#### DATA

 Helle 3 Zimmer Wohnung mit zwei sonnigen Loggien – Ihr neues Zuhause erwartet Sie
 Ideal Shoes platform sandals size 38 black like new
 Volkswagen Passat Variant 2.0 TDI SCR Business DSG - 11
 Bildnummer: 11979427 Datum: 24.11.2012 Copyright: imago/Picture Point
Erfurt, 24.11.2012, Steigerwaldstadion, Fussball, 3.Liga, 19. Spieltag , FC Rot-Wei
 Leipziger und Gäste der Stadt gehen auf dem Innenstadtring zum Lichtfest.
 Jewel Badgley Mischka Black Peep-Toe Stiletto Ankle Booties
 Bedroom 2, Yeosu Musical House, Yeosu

########
#### DATA

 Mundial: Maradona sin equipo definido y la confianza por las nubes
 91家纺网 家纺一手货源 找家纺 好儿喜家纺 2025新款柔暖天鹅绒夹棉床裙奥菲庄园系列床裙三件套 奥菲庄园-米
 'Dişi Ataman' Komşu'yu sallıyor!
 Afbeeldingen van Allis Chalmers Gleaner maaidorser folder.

########

— TASK STATEMENT —
Your task for the entries above: copy exactly the span starting with the line with "91家纺网 家纺一手货源 找家纺" and going on through the line with "Afbeeldingen van Allis", both lines included, and nothing else.

— RESPONSE BELOW —
 91家纺网 家纺一手货源 找家纺 好儿喜家纺 2025新款柔暖天鹅绒夹棉床裙奥菲庄园系列床裙三件套 奥菲庄园-米
 'Dişi Ataman' Komşu'yu sallıyor!
 Afbeeldingen van Allis Chalmers Gleaner maaidorser folder.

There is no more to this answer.